Terms

  1. Duration
    The Duration of any Service shall be set forth for the duration of: month-to-month.  Unless otherwise specified, the Duration of any Service shall commence upon the delivery of the Agreement.  The Agreement will continue on a month-to-month basis after initial duration has expired.
  2. Place of Work
    DBM shall render services primarily at DBM’s offices, but will, upon request, provide the services at Customer offices or such other places as reasonably requested by Customer as appropriate for the performance of particular services.
  3. Time
    DBM’s daily schedule and hours worked under this Agreement on a given day shall generally be subject to DBM’s discretion. Customer relies upon DBM to devote sufficient time as is reasonably necessary to fulfill the spirit and purpose of this Agreement.
  4. Travel
    Customer shall pay for DBM(s) travel expenses including: airfare, meals, lodging, and rental car or taxi if transportation is not supplied by Customer. Customers and/or DBM will make best efforts to book all flights in advance (two weeks) to limit the cost of air travel. If Customer cancels or changes travel plans less than seven (7) days prior to the scheduled date, then Customer shall be assessed for the daily billing rate of the scheduled employee if the employee cannot be re-scheduled for another assignment for the same time period. If Customer changes or cancels travel plans and tickets have already been purchased, Customer shall be assessed the cancellation charges, and all non-refundable expenditures will be billed to the Customer. If DBM changes or cancels travel plans and tickets have already been purchased, DBM shall be assessed the cancellation charges, and all non-refundable expenditures will be billed to the DBM.
  5. Results
    There are many factors in internet traffic, marketing, and copywriting that DBM cannot control (e.g., product, market, price, list, demand, consumer preferences, major events). Therefore, while DBM can and does guarantee your satisfaction with their design, copy, marketing, and internet services before testing, DBM does not promise and cannot guarantee specific results.

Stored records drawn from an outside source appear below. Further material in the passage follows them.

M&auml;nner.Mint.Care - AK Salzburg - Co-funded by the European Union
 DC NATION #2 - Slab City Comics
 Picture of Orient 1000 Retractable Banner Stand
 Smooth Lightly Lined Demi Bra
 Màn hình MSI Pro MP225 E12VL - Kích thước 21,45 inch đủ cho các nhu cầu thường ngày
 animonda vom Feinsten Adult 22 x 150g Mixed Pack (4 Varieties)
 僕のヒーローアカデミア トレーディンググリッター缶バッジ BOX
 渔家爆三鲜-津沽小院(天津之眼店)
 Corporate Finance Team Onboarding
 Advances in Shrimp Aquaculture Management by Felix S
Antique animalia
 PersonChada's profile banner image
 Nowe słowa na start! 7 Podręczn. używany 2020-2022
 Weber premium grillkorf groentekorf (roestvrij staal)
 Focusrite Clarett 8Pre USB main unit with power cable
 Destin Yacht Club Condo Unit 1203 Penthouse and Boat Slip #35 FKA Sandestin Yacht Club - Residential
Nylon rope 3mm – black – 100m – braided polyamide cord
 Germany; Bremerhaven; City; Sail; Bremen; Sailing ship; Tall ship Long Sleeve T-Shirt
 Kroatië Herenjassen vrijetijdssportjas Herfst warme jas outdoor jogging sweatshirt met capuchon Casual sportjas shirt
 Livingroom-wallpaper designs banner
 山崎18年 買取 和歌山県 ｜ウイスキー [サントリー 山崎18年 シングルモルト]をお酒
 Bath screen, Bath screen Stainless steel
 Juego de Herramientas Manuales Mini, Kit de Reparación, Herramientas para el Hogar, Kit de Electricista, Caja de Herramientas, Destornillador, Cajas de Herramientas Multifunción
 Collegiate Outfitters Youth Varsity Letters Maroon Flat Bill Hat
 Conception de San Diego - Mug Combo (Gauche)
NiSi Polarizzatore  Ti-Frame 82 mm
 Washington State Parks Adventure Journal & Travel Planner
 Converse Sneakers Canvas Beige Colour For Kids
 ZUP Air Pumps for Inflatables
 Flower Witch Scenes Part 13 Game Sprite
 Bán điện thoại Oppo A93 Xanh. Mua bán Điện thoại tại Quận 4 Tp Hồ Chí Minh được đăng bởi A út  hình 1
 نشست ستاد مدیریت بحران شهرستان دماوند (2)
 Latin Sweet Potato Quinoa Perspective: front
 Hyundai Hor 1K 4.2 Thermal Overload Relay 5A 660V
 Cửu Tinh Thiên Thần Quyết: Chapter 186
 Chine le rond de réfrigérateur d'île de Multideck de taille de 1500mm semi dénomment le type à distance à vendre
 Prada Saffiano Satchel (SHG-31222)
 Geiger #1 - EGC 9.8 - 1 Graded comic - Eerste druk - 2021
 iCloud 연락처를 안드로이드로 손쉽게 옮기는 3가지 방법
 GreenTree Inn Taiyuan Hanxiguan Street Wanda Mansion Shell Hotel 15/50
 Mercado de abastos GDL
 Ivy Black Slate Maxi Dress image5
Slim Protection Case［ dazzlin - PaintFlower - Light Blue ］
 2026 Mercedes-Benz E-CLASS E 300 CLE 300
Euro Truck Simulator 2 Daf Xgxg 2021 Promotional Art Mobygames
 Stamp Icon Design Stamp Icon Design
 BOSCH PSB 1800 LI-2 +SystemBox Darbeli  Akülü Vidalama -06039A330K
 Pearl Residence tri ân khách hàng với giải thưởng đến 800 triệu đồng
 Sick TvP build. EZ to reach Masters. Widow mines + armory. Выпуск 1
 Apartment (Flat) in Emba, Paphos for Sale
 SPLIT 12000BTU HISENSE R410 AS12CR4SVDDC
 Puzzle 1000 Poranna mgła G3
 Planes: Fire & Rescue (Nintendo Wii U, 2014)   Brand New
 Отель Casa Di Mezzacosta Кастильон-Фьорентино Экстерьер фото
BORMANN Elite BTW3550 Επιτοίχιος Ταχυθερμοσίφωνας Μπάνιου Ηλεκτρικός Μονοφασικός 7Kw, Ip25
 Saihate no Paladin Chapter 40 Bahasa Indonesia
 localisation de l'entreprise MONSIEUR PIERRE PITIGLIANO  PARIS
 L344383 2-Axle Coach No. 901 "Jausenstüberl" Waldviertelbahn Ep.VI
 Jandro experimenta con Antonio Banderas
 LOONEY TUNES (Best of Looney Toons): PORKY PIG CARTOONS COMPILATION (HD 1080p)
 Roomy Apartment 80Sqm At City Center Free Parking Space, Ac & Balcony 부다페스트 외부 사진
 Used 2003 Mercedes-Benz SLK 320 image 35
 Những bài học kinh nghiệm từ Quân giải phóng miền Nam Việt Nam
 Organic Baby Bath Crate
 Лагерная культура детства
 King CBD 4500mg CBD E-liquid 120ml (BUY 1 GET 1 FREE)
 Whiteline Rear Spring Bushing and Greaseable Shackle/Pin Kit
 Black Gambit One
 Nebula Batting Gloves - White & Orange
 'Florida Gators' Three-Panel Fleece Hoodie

Consequently, Customer should expect ‘No Refunds’ for work performed in all efforts.
  6. Confidentiality
    Each party agrees to the following with respect to any confidential information of the other (the “Confidential Information”), designated as confidential or which would reasonably be perceived as confidential due to the nature of its disclosure. The receiving party shall not disclose such Confidential Information to third parties without the prior consent of the disclosing party and shall protect such Confidential Information from unauthorized disclosure using at least the same degree of care it uses to protect its own Confidential Information. The foregoing obligation shall not apply to any information that
    1. was or becomes part of the public domain through a source other than the receiving party,
    2. was previously known to the receiving party prior to disclosure or becomes known to the receiving party from other sources,
    3. is independently developed without reliance on the Confidential Information, or
    4. is required to be disclosed by law.
  7. Governing Law
    The Agreement shall be governed by the laws of the State of Arizona and the laws of the United States applicable therein without regard to any conflict of law provisions. Each of the parties consents to the jurisdiction of the courts of the State of Arizona in any action or proceeding instituted in connection with the Agreement.
  8. Cure Period
    With the exception of payment obligations, neither party shall be in default under the Agreement or in breach of any provision hereof unless and until the non-breaching party shall have given written notice of such breach and the breaching party shall have failed to cure the same within thirty (30) days after receipt of such notice.
  9. Ownership
    Customer shall retain all right, title and interest, including copyright and other intellectual property rights (the “Rights”) in all content, resource files, materials and tools provided by Customer directly or indirectly to DBM for inclusion in the Deliverables or the performance of the Services (“Customer Content”). Customer shall own any materials created by DBM in the performance of the Services and incorporated into Deliverables delivered to Customer except that DBM shall have a right to re-use any language memories created by DBM except to the extent such use would result in the disclosure of Confidential Information of Customer. The content is not expected to include, and DBM does not transfer any ownership in, any pre-existing or third party works, including, but not limited to the Short Or Stay Calculator. Customer shall indemnify, defend and hold DBM harmless against any claim, expenses, damages or other liabilities incurred by DBM arising from DBM’s use of any Customer Content to perform the Services contemplated by the Agreement or arising from Customer’s or any third party’s use of a Deliverable.  Customer does NOT retain the right to any source programming code produced by DBM. 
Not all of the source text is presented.